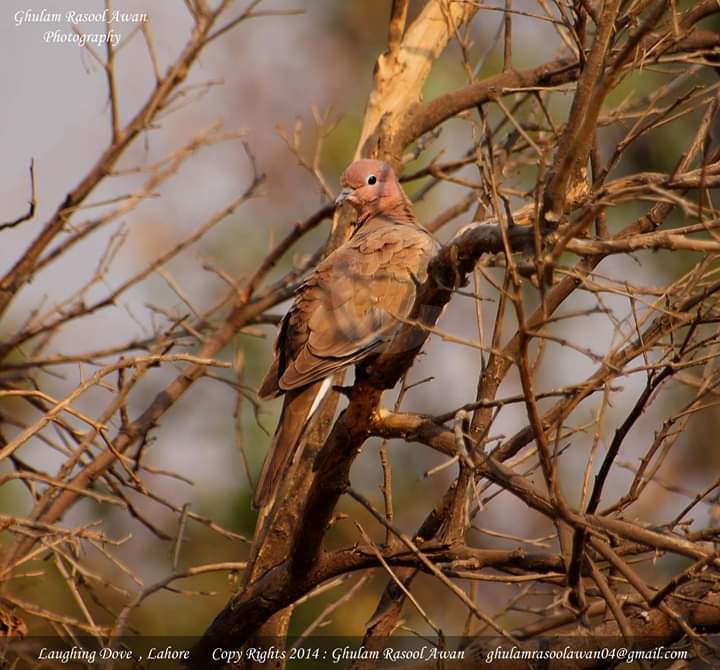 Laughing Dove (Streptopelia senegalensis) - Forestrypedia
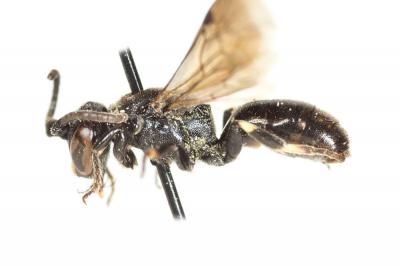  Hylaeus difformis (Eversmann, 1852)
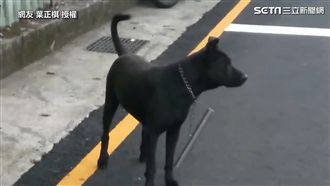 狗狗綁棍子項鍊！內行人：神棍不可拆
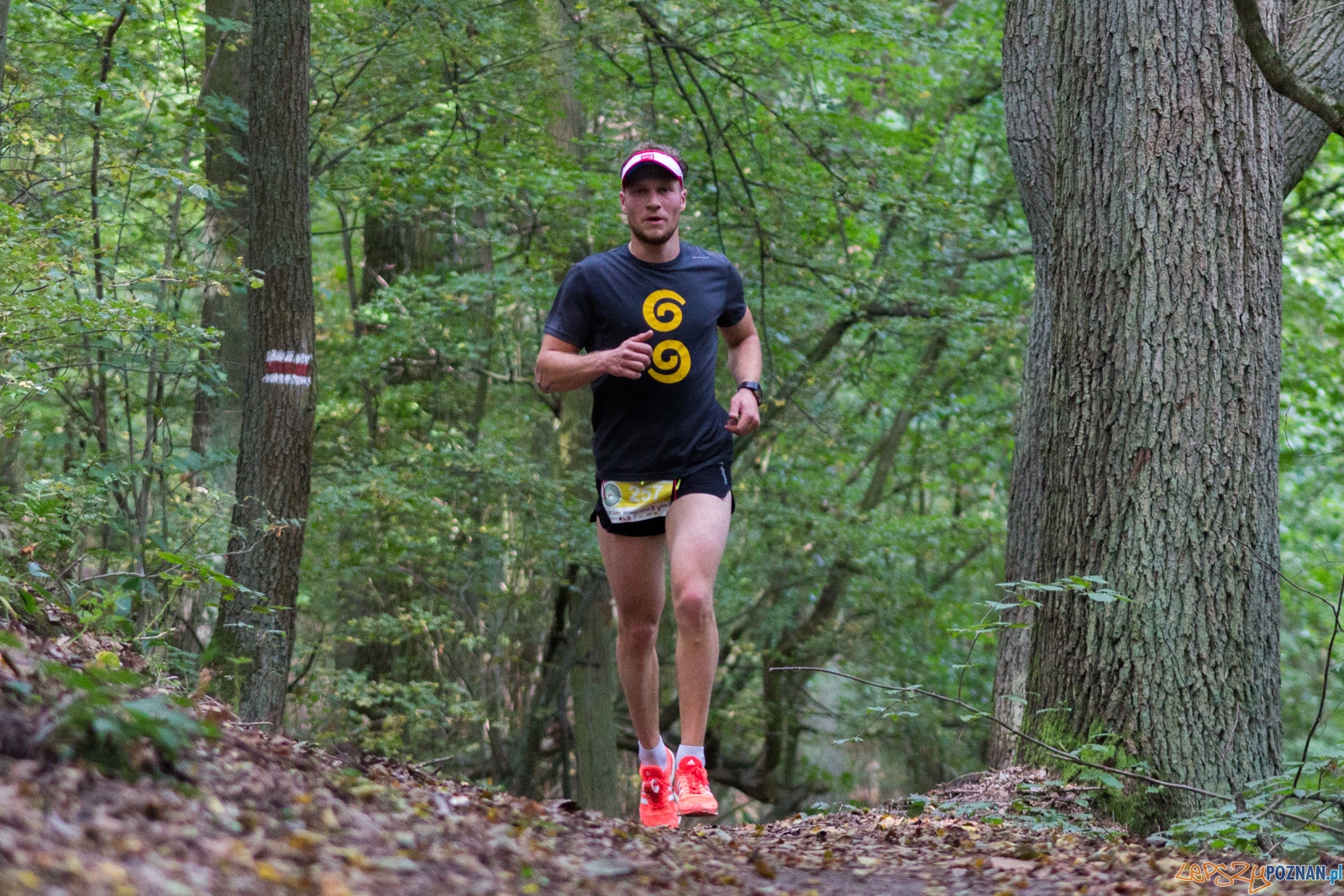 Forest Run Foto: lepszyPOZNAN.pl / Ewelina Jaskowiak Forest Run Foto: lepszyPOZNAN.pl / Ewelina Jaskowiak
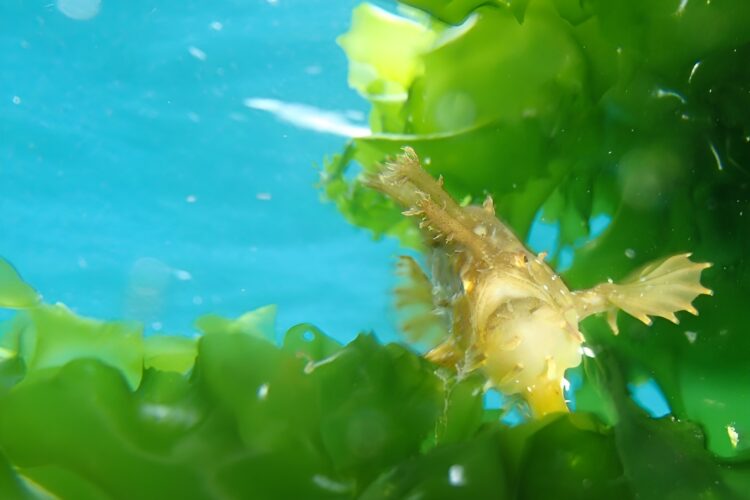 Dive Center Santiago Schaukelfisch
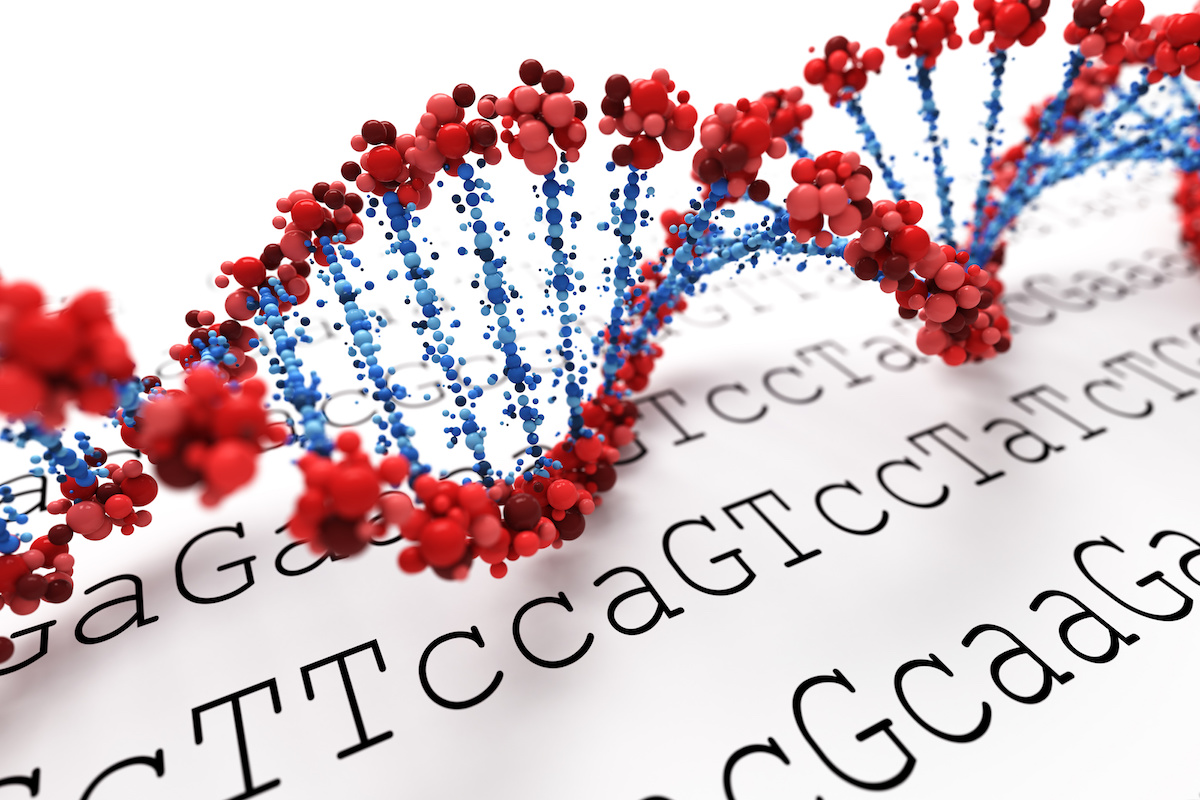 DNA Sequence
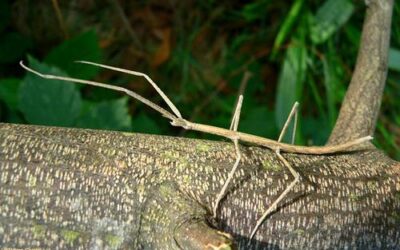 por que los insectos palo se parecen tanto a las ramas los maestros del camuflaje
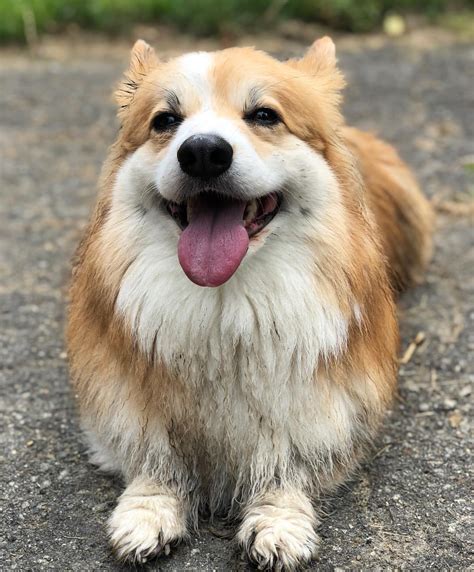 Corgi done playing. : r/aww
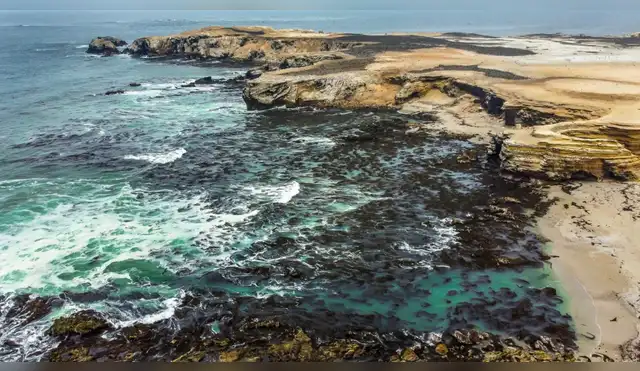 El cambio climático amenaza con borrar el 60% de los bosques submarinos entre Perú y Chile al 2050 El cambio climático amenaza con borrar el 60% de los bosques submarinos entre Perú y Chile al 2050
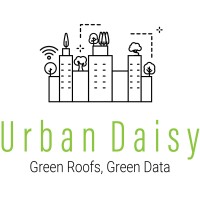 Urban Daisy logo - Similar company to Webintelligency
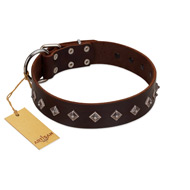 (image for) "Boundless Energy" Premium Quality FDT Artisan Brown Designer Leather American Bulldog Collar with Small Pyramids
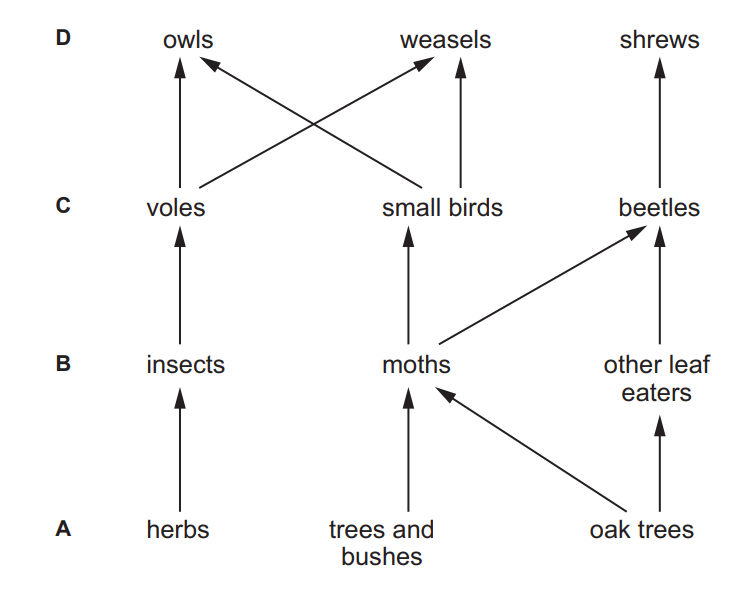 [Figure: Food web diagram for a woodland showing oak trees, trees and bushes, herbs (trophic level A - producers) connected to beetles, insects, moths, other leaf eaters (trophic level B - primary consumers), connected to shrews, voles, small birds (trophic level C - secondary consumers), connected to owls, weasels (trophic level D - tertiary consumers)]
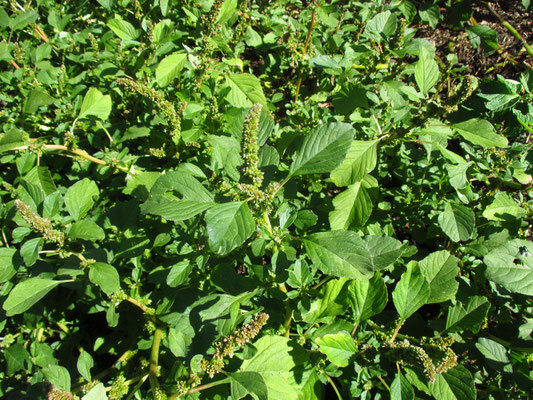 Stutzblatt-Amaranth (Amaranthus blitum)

-=-=-=-=-

WHAT YOU HAVE TO DO
No pictures should appear in the copy. Print exactly the lines above from the line containing "狗狗綁棍子項鍊！內行人：神棍不可拆" through the last line of the data.

ANSWER TO THIS PROBLEM
 狗狗綁棍子項鍊！內行人：神棍不可拆
 Forest Run Foto: lepszyPOZNAN.pl / Ewelina Jaskowiak Forest Run Foto: lepszyPOZNAN.pl / Ewelina Jaskowiak
 Dive Center Santiago Schaukelfisch
 DNA Sequence
 por que los insectos palo se parecen tanto a las ramas los maestros del camuflaje
 Corgi done playing. : r/aww
 El cambio climático amenaza con borrar el 60% de los bosques submarinos entre Perú y Chile al 2050 El cambio climático amenaza con borrar el 60% de los bosques submarinos entre Perú y Chile al 2050
 Urban Daisy logo - Similar company to Webintelligency
 (image for) "Boundless Energy" Premium Quality FDT Artisan Brown Designer Leather American Bulldog Collar with Small Pyramids
 [Figure: Food web diagram for a woodland showing oak trees, trees and bushes, herbs (trophic level A - producers) connected to beetles, insects, moths, other leaf eaters (trophic level B - primary consumers), connected to shrews, voles, small birds (trophic level C - secondary consumers), connected to owls, weasels (trophic level D - tertiary consumers)]
 Stutzblatt-Amaranth (Amaranthus blitum)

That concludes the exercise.